Vers la fin d’Al Adl Wal Ihssane

Mohamed semlali

Si elle avait été une entreprise Al Adl Wal Ihssane SA aurait déposé le bilan il y a de cela quelques années déjà. Il faut dire que tous les indicateurs du mouvement d’Abdeslam Yassine sont aujourd’hui dans le rouge. Et pourtant, rien ne présageait que cette entreprise, ô combien florissante, allait péricliter en peu de temps. Le 12 mars 2000, ceux qui doutaient encore de la force d’Al Jamaâ sont impressionnés par les foules adlistes qui battent le macadam casablancais pour protester contre le Plan d’intégration de la femme dans le développement parrainé par le gouvernement d’Abderrahmane Youssoufi. Les troupes du cheikh Yassine volent la vedette par leur nombre et leur organisation. C’est à une véritable démonstration de force qu’ils se livrent. Un message fort à tous les acteurs politiques et surtout au jeune monarque Mohammed VI qui vient d’accéder au trône. Quelques mois plus tard, le 15 mai 2000, celui-ci, dans un geste aussi inattendu qu’habile, donne ses ordres pour permettre au vieux cheikh de quitter son domicile et vaquer à ses activités «messianiques» le plus normalement du monde. Lorsqu’il sort pour accomplir sa première prière du vendredi en tant qu’homme libre, il est accueilli avec une telle ferveur de la part de ses sympathisants que tout le monde se dit que «les actions» d’Al Adl ont décidément le vent en poupe.

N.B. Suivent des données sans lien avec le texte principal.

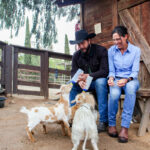 Elizabeth and Bubba Sugarman feed goats on March 31 at the family's Olivenhain farm, Sugar Sweet Farm. Photo by Jordan P. Ingram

La levée de la résidence surveillée est diversement commentée. Si quelques intellectuels y voient la volonté du nouveau pouvoir de décrisper les relations entre l’Etat et le mouvement islamiste, la plupart des adlistes et autres islamistes y décryptent une faiblesse de l’Etat. D’ailleurs, dans la foulée de sa libération, le gourou de Justice et Bienfaisance entame une tournée à travers le Maroc en multipliant les signes de «majesté». Cortège de voitures, haies d’honneur et baisemains. Les autorités n’esquissent aucune réaction. Elles se contentent de laisser faire avec une passivité qui en étonne plus d’un.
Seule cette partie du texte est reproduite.